Here are some photos on the event as Debreczeni introduced the book to his buddies.
No photo on the audience though, one can only gues why. Was it because so few people were attending or probably they were 70+…or both.
@Max, wishful thinking. It has already sold out. Hungarian Octopus is in its third printing after a week or so.
@Eva: I think it would be interesting to many people to know the names of the wine growing company that Kékessy and Orbán erected and the companies in Tokaj that made it a preferred business partner. It should not be left to guesswork. I assume that Debreczeni has revealed the names in his book.
Sure thing. The only reason I didn’t give the whole name of the company because it is extremely long. But here it is: Szárhegy Dűlő–Sárazsadány–Tokajhegyalja Kft.
OT but this blog, for all its primeval anger, is spot-on: http://index.hu/bloghu/vastagbor/2013/11/28/mesterhazy_es_te_mit_tettel_nav-ugyben
I believe I wrote exactly the same thing but with less anger: MSZP shot himself in the foot. Nobody will ever believe that they are innocent.
Mesterházy Has to Go…
That’s obvious by now. Gyurcsány is quite right when he says that M’s judgment and actions are too often too closely Orbán-like for comfort and confidence. (I wish I knew who Gy has in mind in M’s place; he hinted at it last might on Olga Kálmán’s program.) Bajnai is still much preferable, but he is weak and too easily influenced by those who advise him. Gy himself is, I believe, intelligent, honest and well-intentioned, but much better as an orator than a governor…
Here is another huge fraud:
New “agricultural committees” will decide who can buy agricultural land and lots of other issues in Hungary by the new Fidesz law.
To nobody’s surprise, only Fidesznik insider farmers were invited to elect these committees nationwide.
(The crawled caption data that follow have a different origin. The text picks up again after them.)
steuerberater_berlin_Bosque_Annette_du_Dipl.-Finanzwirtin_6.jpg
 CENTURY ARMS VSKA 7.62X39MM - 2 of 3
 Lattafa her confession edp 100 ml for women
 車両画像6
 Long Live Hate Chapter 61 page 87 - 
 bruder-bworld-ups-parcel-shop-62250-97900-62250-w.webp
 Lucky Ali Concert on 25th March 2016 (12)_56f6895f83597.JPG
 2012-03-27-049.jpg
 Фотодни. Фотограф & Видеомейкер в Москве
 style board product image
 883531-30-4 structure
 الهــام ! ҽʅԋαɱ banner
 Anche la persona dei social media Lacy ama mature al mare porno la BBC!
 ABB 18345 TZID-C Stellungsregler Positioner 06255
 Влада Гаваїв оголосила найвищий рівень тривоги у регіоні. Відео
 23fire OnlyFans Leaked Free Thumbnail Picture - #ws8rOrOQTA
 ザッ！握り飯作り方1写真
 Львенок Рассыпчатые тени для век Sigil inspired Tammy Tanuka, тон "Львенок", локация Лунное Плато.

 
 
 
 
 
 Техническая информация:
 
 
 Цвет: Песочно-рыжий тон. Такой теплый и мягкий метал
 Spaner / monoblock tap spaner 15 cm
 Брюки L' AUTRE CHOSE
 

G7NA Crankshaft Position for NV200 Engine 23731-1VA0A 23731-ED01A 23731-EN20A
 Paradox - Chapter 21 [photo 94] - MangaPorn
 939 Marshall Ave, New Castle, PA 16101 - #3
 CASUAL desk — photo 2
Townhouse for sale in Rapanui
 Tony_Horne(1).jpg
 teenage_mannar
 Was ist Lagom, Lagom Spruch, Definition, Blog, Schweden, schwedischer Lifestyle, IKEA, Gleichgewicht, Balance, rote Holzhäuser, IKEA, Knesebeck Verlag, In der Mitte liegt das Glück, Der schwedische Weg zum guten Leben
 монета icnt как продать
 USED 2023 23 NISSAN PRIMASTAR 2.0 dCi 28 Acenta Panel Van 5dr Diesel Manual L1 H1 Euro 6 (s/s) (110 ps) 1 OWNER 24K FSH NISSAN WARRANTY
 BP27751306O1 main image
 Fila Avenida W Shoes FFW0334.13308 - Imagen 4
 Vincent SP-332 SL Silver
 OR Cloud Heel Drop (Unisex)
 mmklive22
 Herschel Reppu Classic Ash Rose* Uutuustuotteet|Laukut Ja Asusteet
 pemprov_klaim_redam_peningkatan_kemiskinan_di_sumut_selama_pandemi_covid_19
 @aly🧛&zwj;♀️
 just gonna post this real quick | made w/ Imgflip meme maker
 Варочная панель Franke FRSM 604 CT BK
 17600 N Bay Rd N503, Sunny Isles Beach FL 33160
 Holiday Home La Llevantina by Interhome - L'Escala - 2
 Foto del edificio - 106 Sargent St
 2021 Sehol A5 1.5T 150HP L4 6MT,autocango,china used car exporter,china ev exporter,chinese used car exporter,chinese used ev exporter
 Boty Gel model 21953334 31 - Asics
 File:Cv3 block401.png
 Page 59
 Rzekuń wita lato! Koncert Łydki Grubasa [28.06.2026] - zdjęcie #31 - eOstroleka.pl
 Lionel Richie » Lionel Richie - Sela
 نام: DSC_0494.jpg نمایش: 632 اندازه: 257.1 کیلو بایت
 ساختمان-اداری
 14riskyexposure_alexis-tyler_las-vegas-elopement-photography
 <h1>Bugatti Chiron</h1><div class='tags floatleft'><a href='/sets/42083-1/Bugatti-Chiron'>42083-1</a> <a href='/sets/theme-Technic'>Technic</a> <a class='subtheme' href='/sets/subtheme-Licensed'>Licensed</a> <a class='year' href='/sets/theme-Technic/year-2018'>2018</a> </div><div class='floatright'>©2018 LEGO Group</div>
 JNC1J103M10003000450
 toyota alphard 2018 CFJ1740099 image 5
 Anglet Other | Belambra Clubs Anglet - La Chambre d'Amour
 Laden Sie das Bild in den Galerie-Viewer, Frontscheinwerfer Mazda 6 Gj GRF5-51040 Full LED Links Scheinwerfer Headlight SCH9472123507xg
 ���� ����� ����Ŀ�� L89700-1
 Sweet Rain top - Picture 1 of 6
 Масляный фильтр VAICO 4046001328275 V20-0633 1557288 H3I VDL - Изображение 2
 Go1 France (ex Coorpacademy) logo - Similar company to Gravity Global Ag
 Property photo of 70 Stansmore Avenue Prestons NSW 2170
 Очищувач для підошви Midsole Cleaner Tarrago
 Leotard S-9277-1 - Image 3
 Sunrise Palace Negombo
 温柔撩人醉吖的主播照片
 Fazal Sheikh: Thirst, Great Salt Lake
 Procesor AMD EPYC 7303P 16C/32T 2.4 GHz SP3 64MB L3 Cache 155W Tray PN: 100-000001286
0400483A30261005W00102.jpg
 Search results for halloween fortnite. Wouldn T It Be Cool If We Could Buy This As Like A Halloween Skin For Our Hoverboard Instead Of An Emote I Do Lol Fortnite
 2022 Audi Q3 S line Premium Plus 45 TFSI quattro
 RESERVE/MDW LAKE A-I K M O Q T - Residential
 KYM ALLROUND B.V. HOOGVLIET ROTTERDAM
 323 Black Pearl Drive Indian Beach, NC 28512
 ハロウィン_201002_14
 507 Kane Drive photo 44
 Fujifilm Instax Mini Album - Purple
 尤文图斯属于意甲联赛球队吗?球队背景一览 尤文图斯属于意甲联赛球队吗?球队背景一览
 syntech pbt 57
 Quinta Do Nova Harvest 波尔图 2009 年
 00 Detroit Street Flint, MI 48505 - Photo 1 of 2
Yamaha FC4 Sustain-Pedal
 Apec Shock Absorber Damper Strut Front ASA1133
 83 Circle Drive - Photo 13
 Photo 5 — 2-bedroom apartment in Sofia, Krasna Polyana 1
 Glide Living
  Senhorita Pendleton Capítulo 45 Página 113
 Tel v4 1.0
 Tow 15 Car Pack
Ninety-five percent of the farmers were excluded from decision making.
Obviously, there is no bottom in building dictatorship in Hungary
While 40 people have been fired from Pecs University for lack of money, the President of the university is on a 3-week trip to Brazil with 17 other people paid by the same university.
Orban’s sidekick Szijjarto and the fidesznik president of the Academy of Sciences are also relaxing in South America, their trip is also paid by the taxpayers.
I suspect that Gyurcsany was ‘too soft’ and listened to advisors too much the first time around. I think he knows better now. Given another chance, I think he’d be good.
Of course, Hungarians don’t have the wit to know he’s been shamefuly, character-assasinated by the Felcsutian king.
By the way, has anyone seen the picture of Orban in an over-sized, checkered jacket
when he’s about 18 years old? If there ever was a picture of a Felcsutian looking for his best advantage…. I’ve been trying to find the picture online but can’t. It’s priceless.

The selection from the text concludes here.